**** SUPPLIED DATA ****

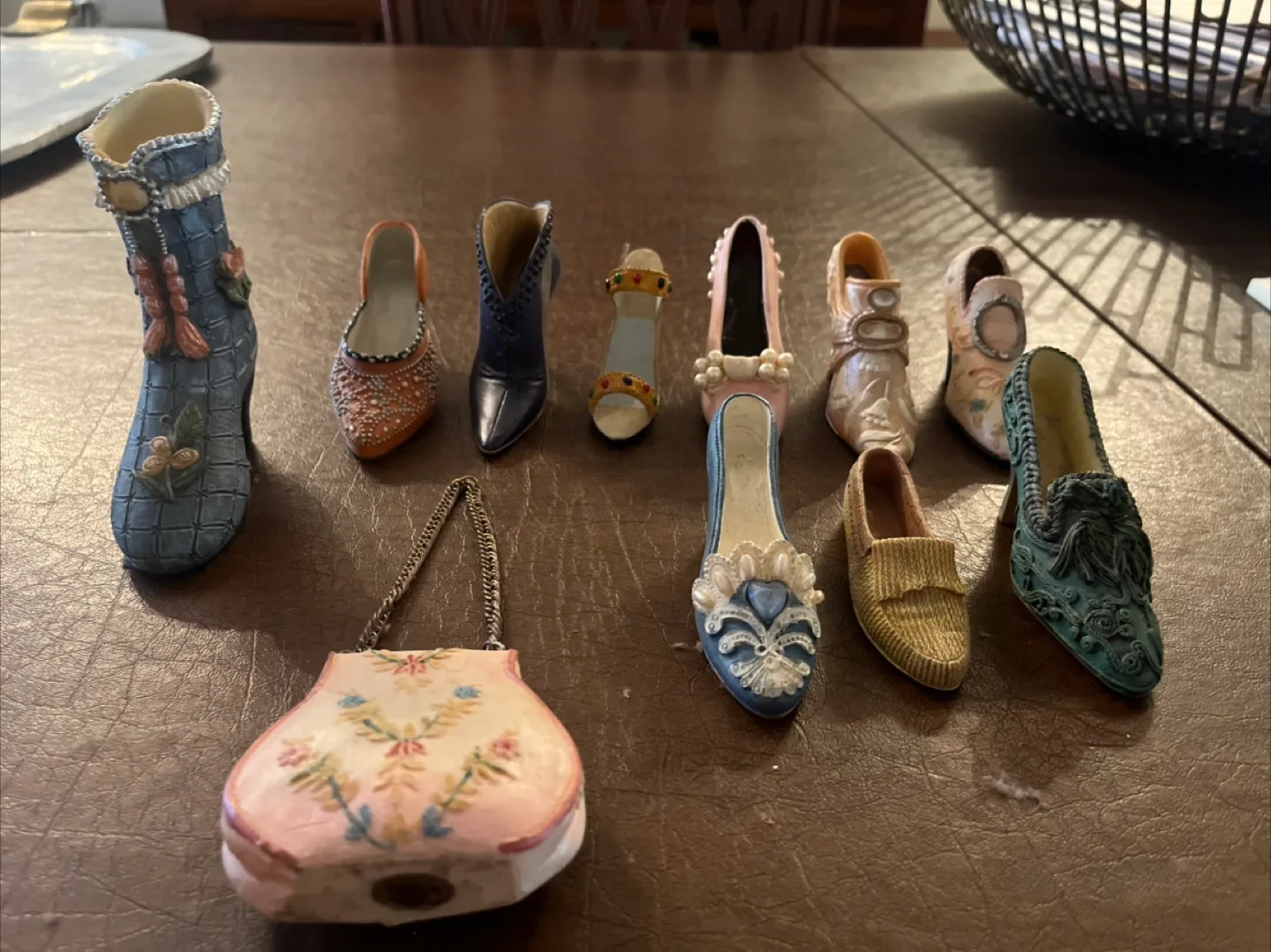 Vintage Shoe & Purse Figurines image indicator(3)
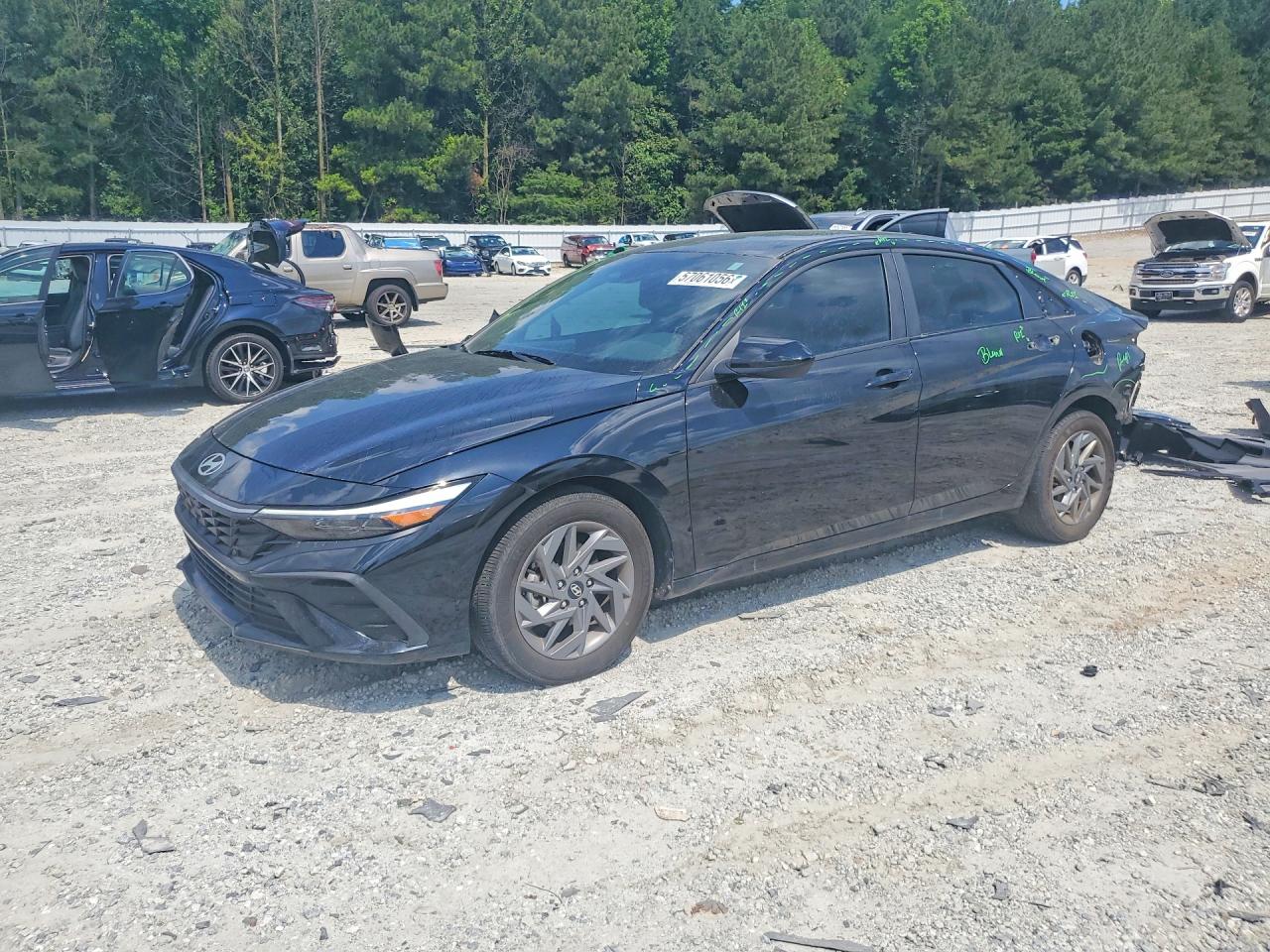 2024 HYUNDAI ELANTRA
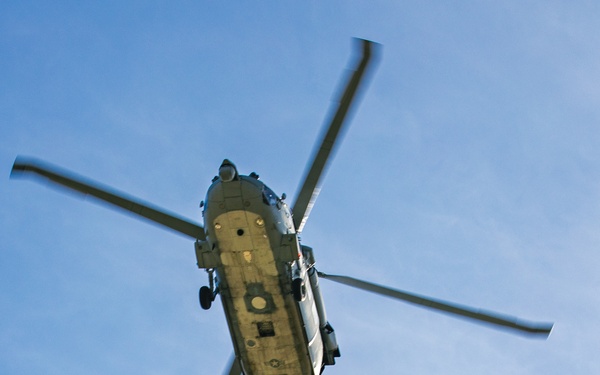 VX-1 conducts flight operations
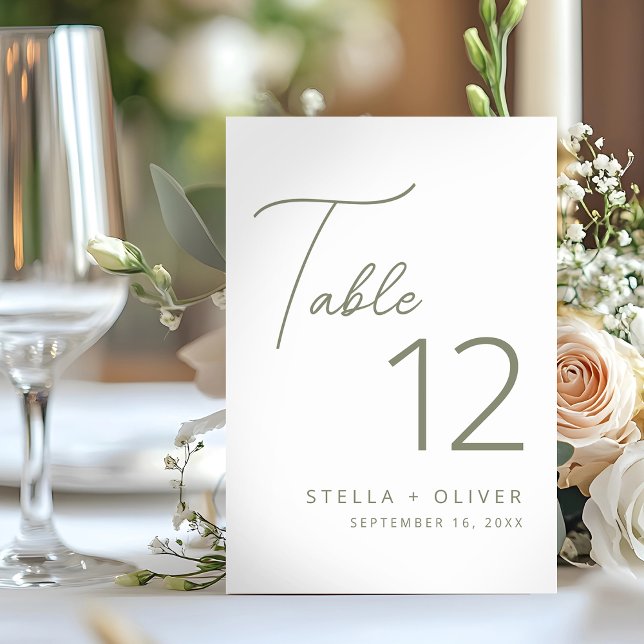 Moderne elegante salbeigrüne Schrift Hochzeit Tischnummer (Modern Elegant Sage Green Script Wedding Table Number)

****

**WHAT TO PRODUCE**
What you give back should be exactly the lines from the line holding "VX-1 conducts flight operations" through the final line of the material, both ends included, and please leave out the pictures.

**WRITTEN ANSWER**
 VX-1 conducts flight operations
 Moderne elegante salbeigrüne Schrift Hochzeit Tischnummer (Modern Elegant Sage Green Script Wedding Table Number)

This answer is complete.